━━━ Dataset excerpt

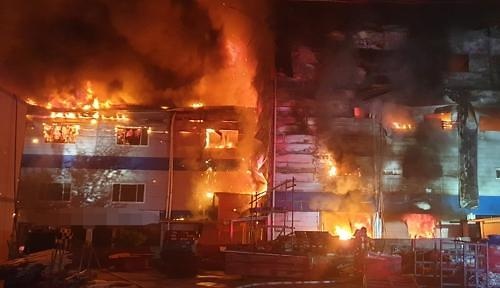 부산 기장군 소재 한 건물에서 불이나 인근 2개동까지 번졌다.
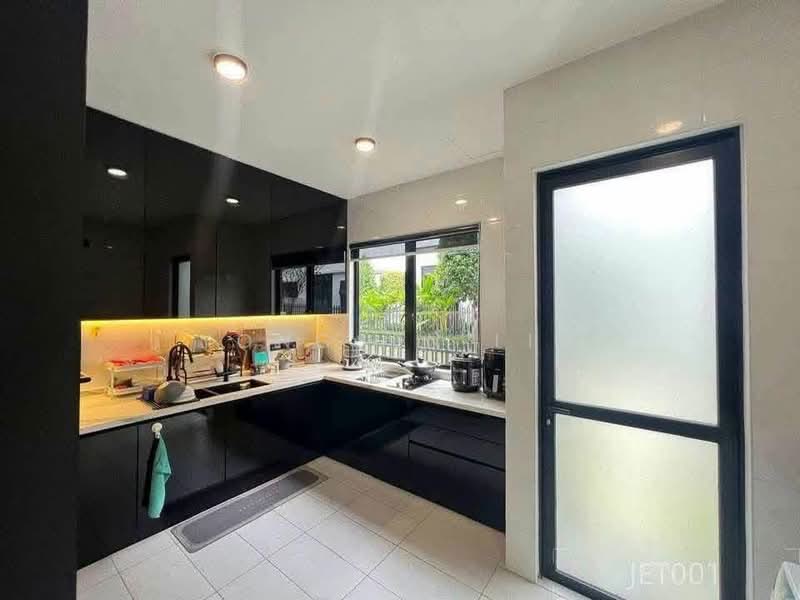 Rumah Berkembar untuk Dijual di Eco Ardence (Setia Alam) - Yongsen Lim - Kitchen - PropertyGuru.com.my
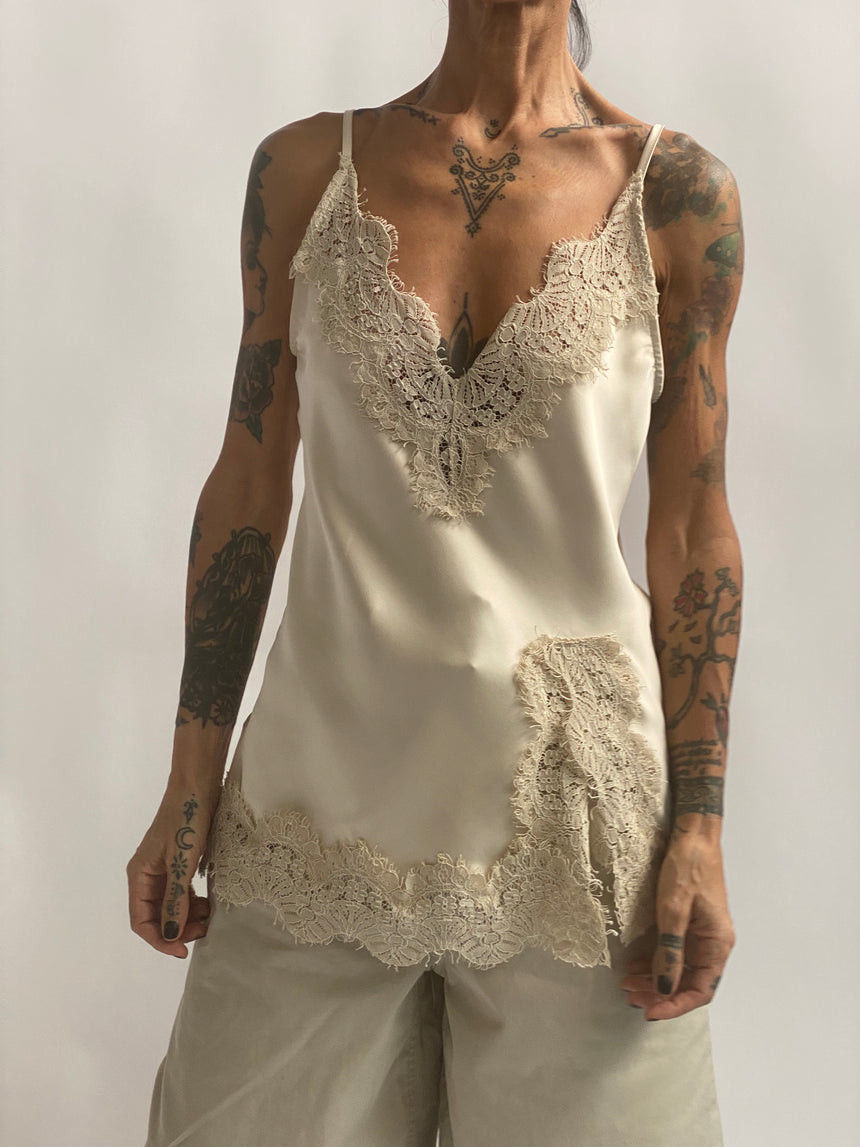 Top in satin e pizzo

━━━━━━

Task description: The data above are to be repeated word for word, with any pictures left out.

Answer box:
 부산 기장군 소재 한 건물에서 불이나 인근 2개동까지 번졌다.
 Rumah Berkembar untuk Dijual di Eco Ardence (Setia Alam) - Yongsen Lim - Kitchen - PropertyGuru.com.my
 Top in satin e pizzo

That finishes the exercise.